• [Data listing]:

--------------------

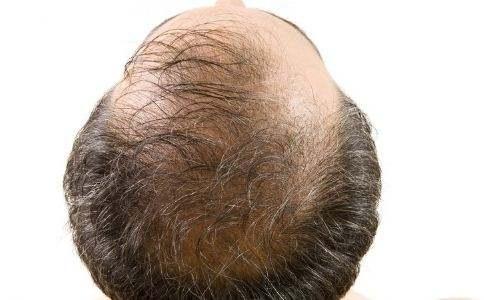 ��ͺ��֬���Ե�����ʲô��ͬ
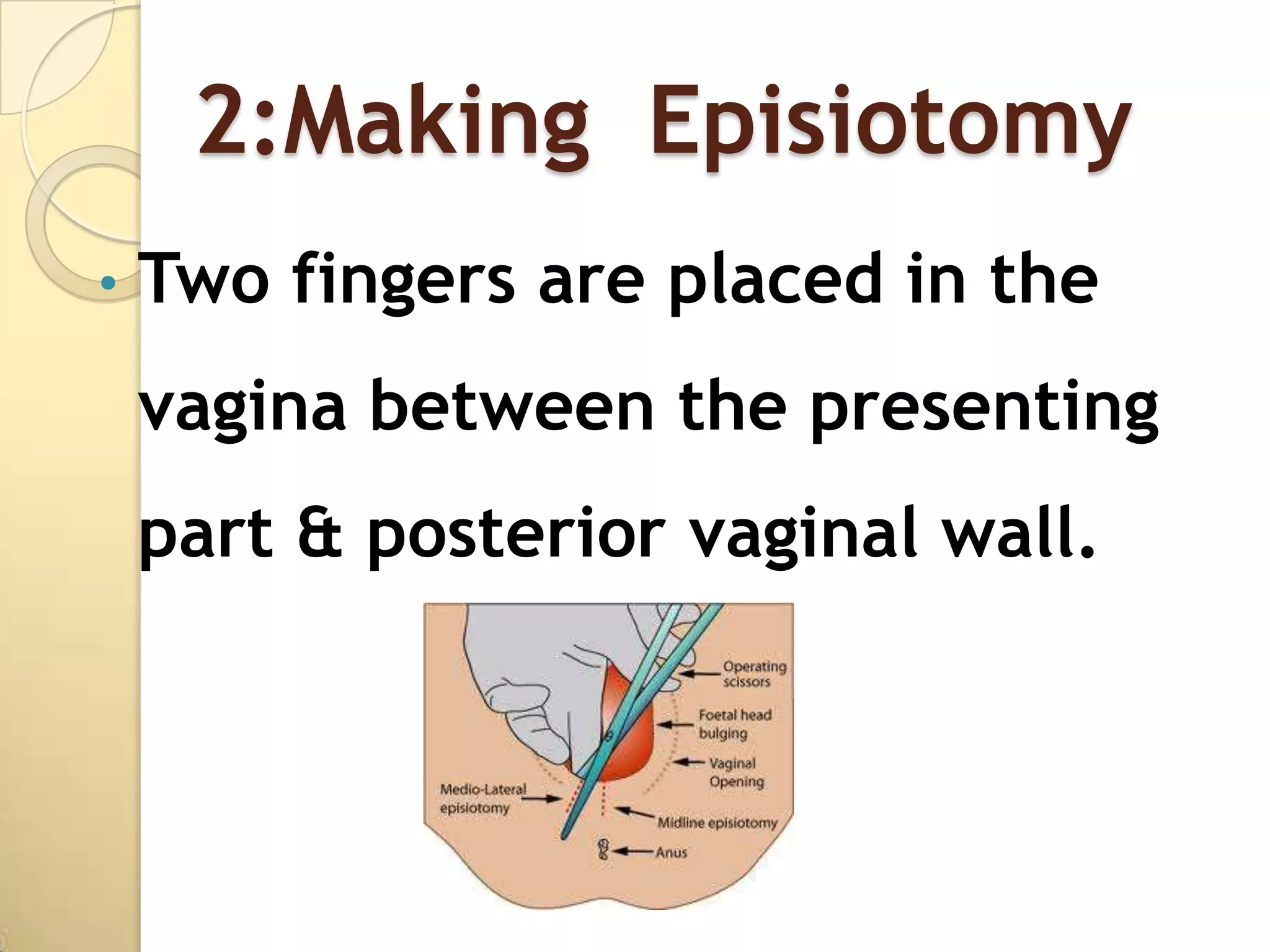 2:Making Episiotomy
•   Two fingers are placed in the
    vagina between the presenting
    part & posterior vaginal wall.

--------------------

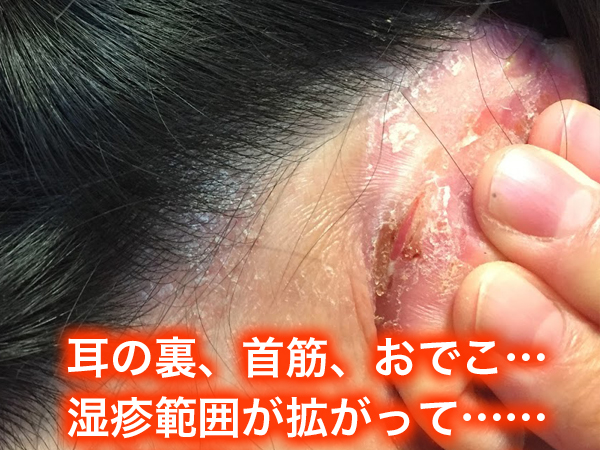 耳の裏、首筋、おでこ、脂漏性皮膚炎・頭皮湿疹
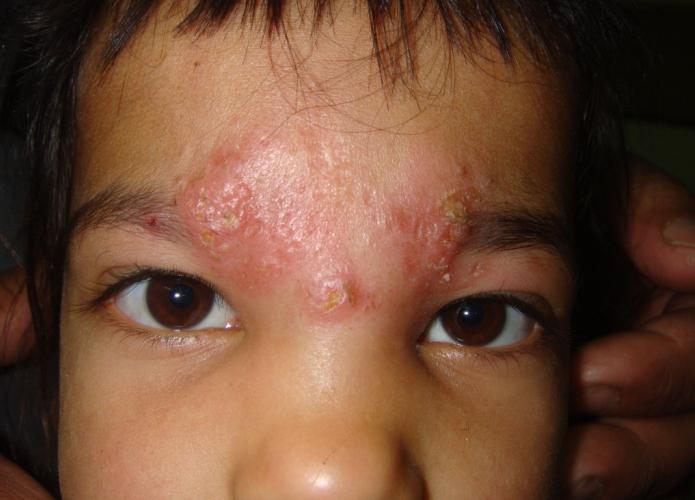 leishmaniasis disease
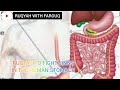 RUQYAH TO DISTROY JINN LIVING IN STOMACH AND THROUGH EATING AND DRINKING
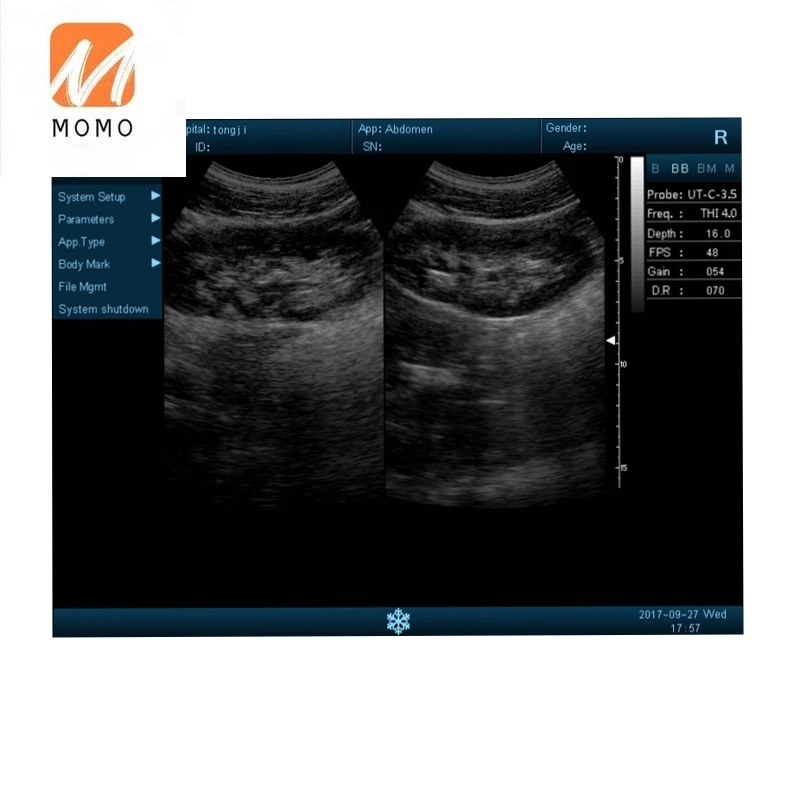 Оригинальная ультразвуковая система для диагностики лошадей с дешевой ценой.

--------------------

• [Problem to work on]:
Retype only this portion of the data above: the line containing "vagina between the presenting", the line containing "part & posterior vaginal wall.", and all lines between them, exactly.

• [Worked solution]:
    vagina between the presenting
    part & posterior vaginal wall.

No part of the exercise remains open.